[Web page caption snippets]
—————

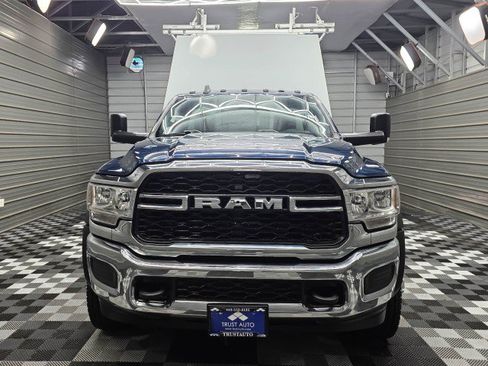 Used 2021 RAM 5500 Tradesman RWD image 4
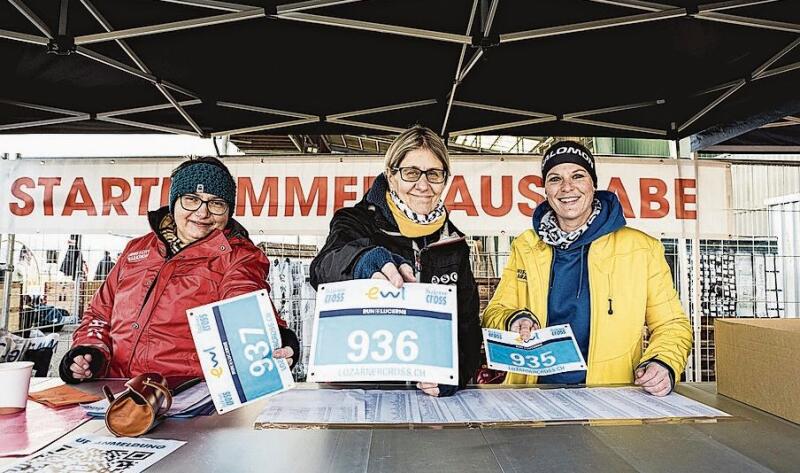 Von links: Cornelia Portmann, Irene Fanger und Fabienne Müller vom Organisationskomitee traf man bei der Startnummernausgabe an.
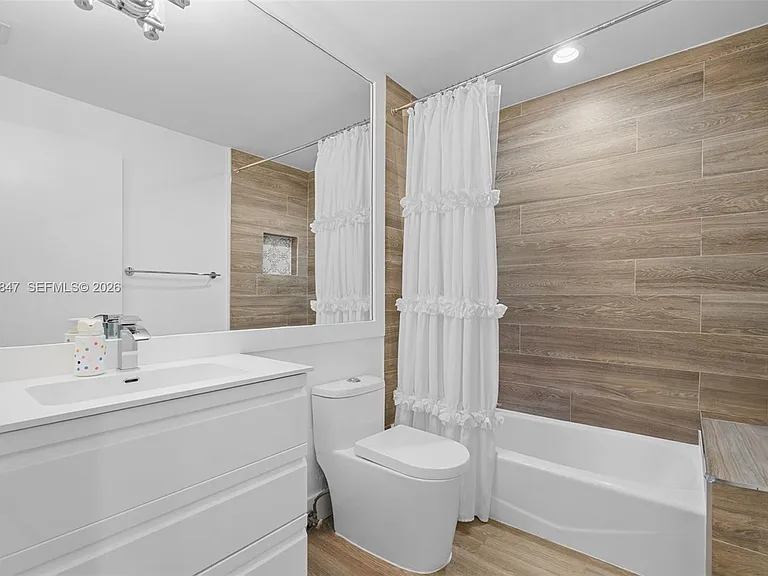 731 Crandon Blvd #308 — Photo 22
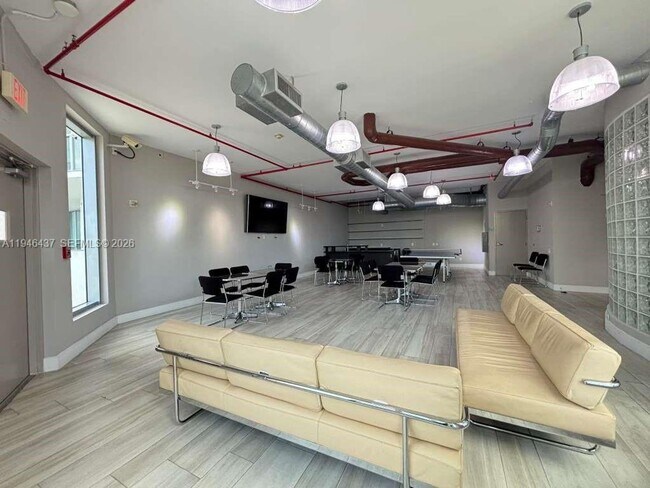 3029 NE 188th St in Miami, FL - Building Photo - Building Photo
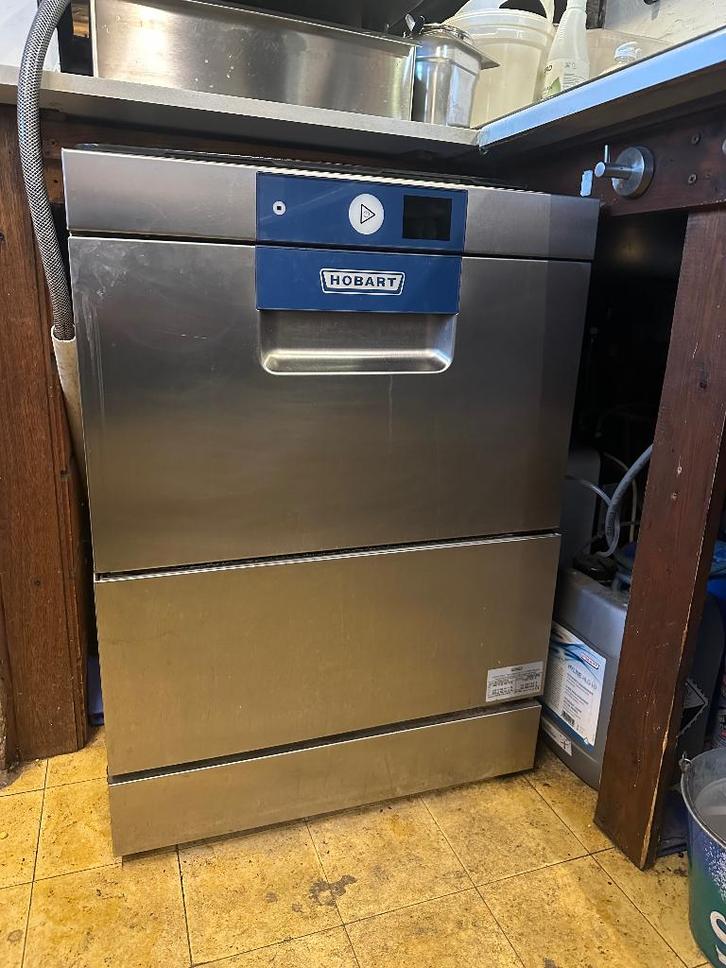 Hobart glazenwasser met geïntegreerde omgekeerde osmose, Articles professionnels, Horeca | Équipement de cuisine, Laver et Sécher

—————

* **Work to complete**
Nothing but the lines from the one containing "3029 NE 188th" through the final line of the entries above should be given again, each exactly as written; omit the pictures.

* **Result**
 3029 NE 188th St in Miami, FL - Building Photo - Building Photo
 Hobart glazenwasser met geïntegreerde omgekeerde osmose, Articles professionnels, Horeca | Équipement de cuisine, Laver et Sécher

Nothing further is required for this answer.